> **WORK REQUIRED**
After removing every image, reproduce the data exactly as it appears.

> **Captioned web images**
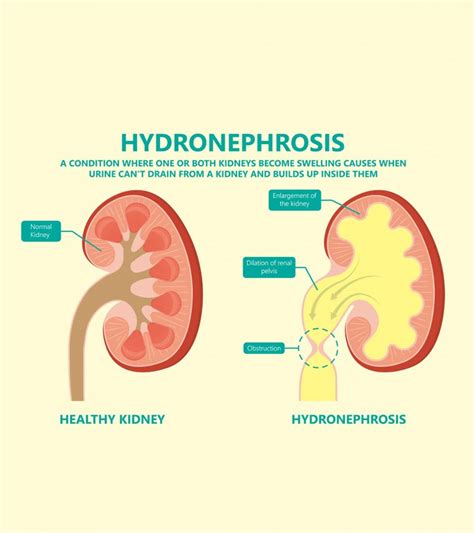 Hydronephrosis In Babies: Causes, Symptoms, And Treatment – AbooBaby.com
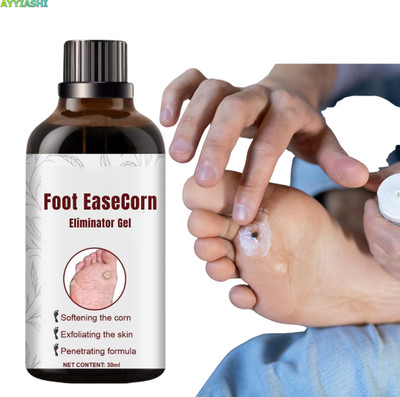 AYYIASHI Corn Remover Gel Fast Relief Safe Daily Use Pack Liquid(30 ml)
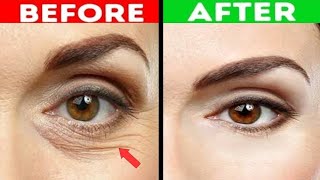 Reasons and Treatment Of wrinkle and Fine lines under the eyes DrVivek Joshi [upl. by Aday670]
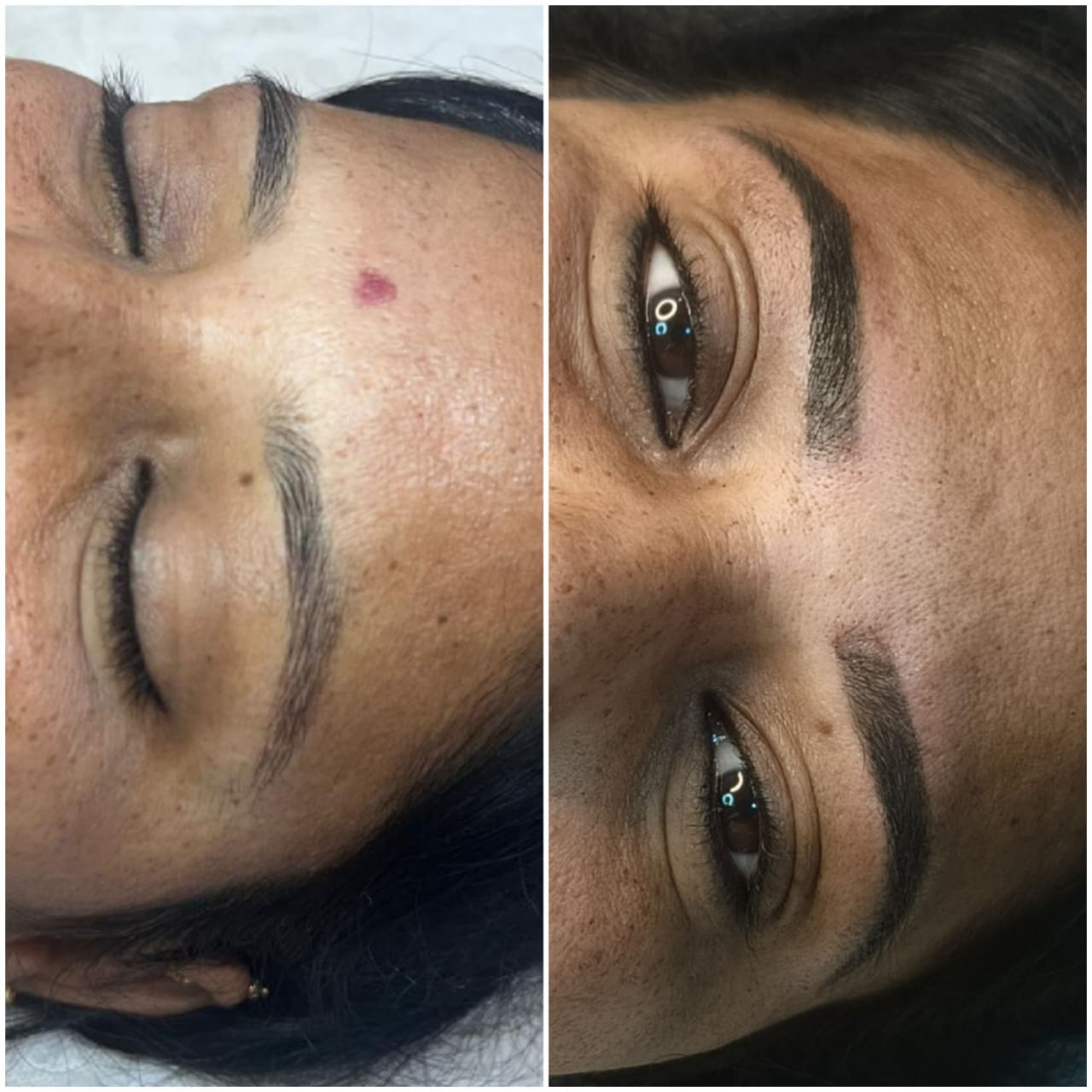 Combination Brows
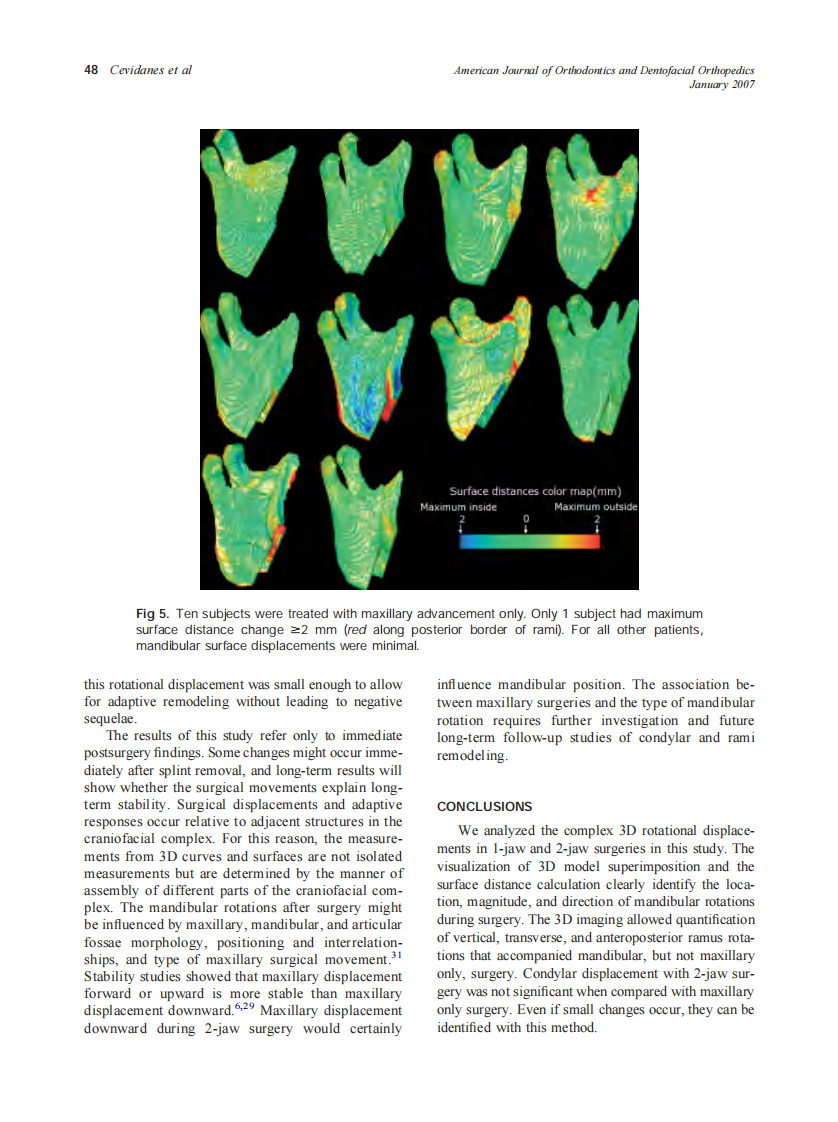 2007_131_1_44_50_Cevidanes.pdf 第5页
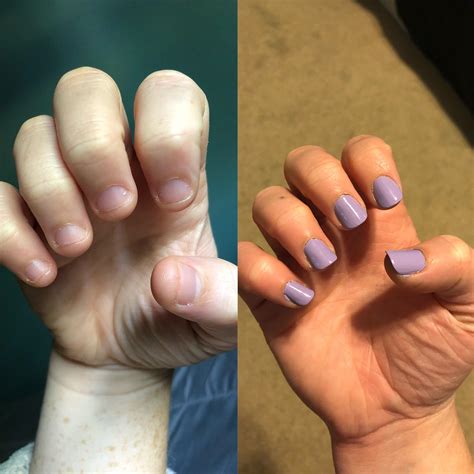 After 23 years I’ve only ever lasted 2 weeks without biting. Today I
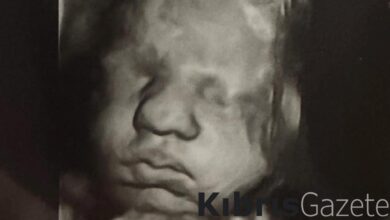 abddeki cift rahimli kadin ayni anda iki farkli bebege hamile kaldi kMkaw1LV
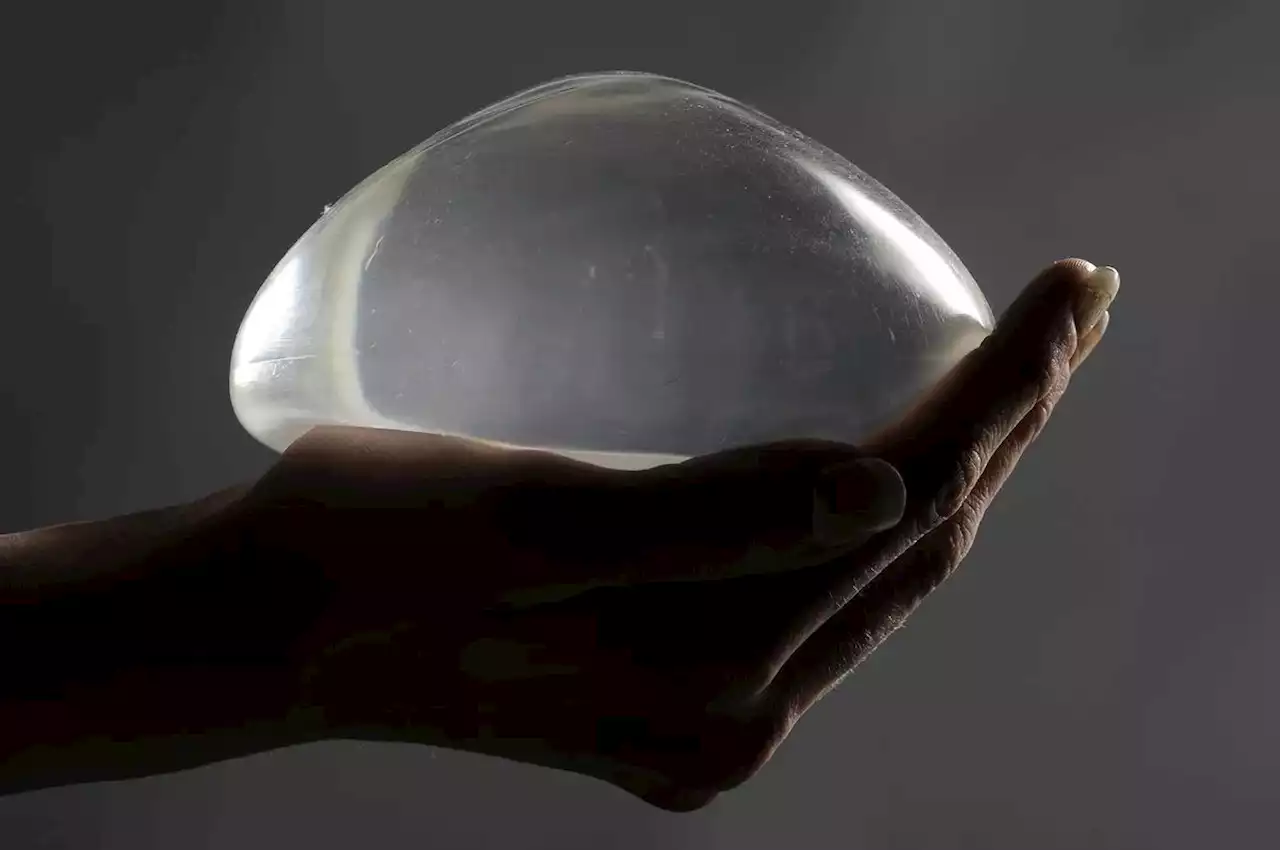 Canada’s mulling a national breast implant registry, years after a Star investigation revealed health risks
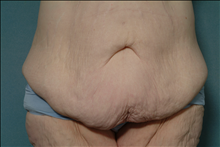 Tummy Tuck Before Photo by Ellen Janetzke, MD; Bloomfield Hills, MI - Case 23846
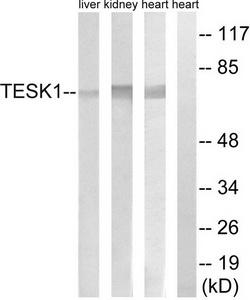 Western blot analysis of extracts from rat heart cells, rat kidney cells and rat liver cells, using TESK1 antibody.The lane on the right is treated with the synthesized peptide.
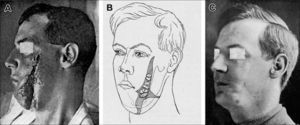 SEGMENTOS DE GRASA PUESTOS EN UNA HERIDA, RESULTADOS FINALES. Gillies H. Plastic surgery of the face. London: Frowde, Hodder, Stoughton; 1920.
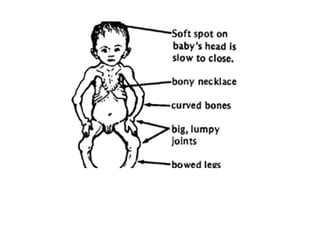 Rickets Figure Rickets | PPT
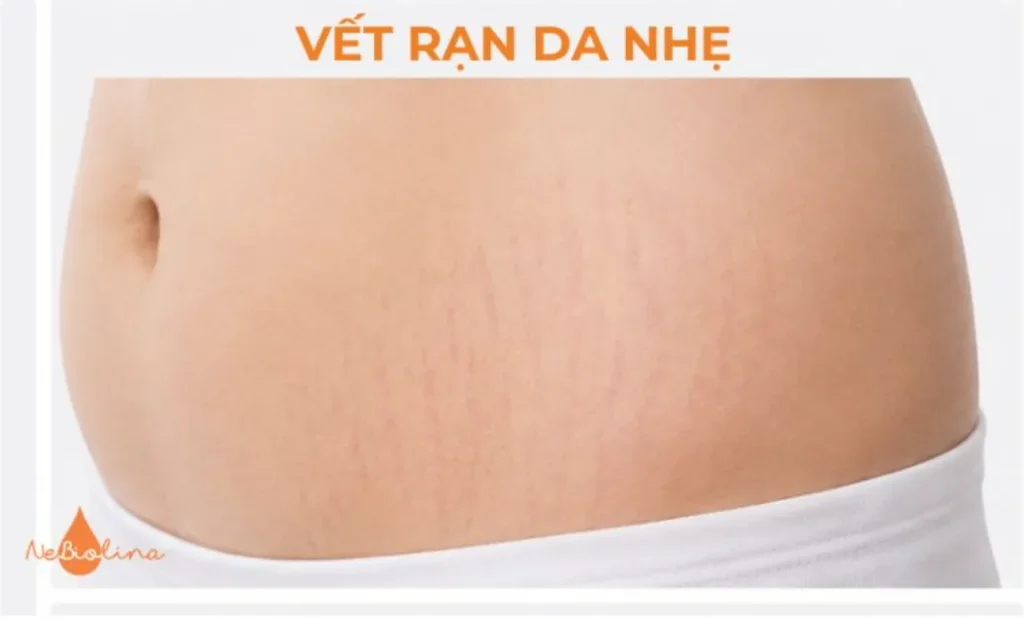 Rạn da nhẹ vùng bụng. 
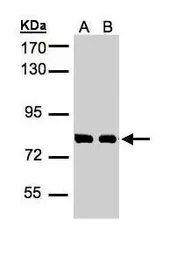 Anti-Hec1 antibody used in Western Blot (WB). GTX110735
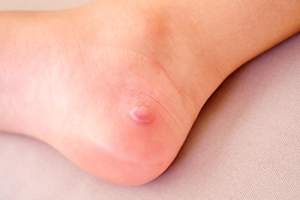 Understanding and Managing Foot Blisters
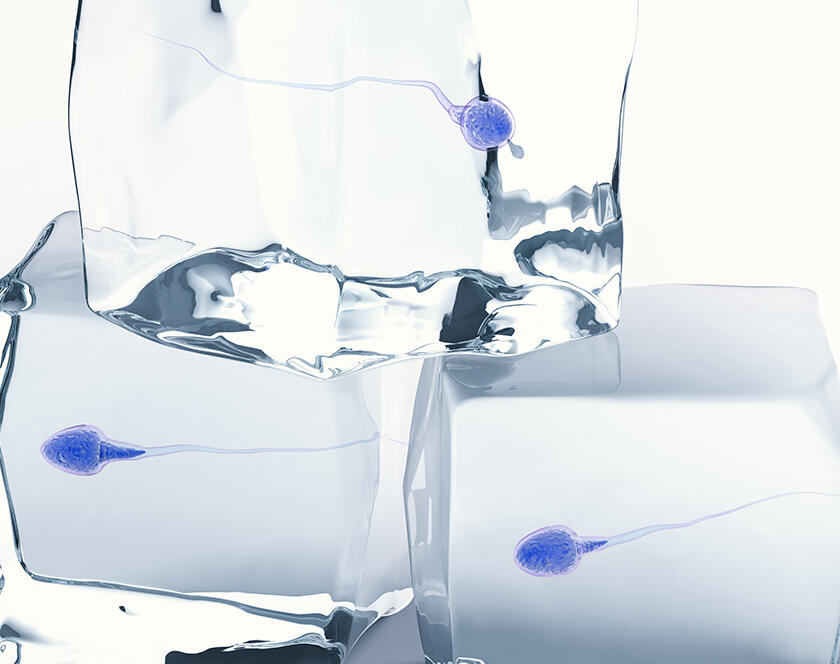 Sperm Freezing Treatment in Chennai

> **ANSWER TO THIS EXERCISE**
 Hydronephrosis In Babies: Causes, Symptoms, And Treatment – AbooBaby.com
 AYYIASHI Corn Remover Gel Fast Relief Safe Daily Use Pack Liquid(30 ml)
 Reasons and Treatment Of wrinkle and Fine lines under the eyes DrVivek Joshi [upl. by Aday670]
 Combination Brows
 2007_131_1_44_50_Cevidanes.pdf 第5页
 After 23 years I’ve only ever lasted 2 weeks without biting. Today I
 abddeki cift rahimli kadin ayni anda iki farkli bebege hamile kaldi kMkaw1LV
 Canada’s mulling a national breast implant registry, years after a Star investigation revealed health risks
 Tummy Tuck Before Photo by Ellen Janetzke, MD; Bloomfield Hills, MI - Case 23846
 Western blot analysis of extracts from rat heart cells, rat kidney cells and rat liver cells, using TESK1 antibody.The lane on the right is treated with the synthesized peptide.
 SEGMENTOS DE GRASA PUESTOS EN UNA HERIDA, RESULTADOS FINALES. Gillies H. Plastic surgery of the face. London: Frowde, Hodder, Stoughton; 1920.
 Rickets Figure Rickets | PPT
 Rạn da nhẹ vùng bụng. 
 Anti-Hec1 antibody used in Western Blot (WB). GTX110735
 Understanding and Managing Foot Blisters
 Sperm Freezing Treatment in Chennai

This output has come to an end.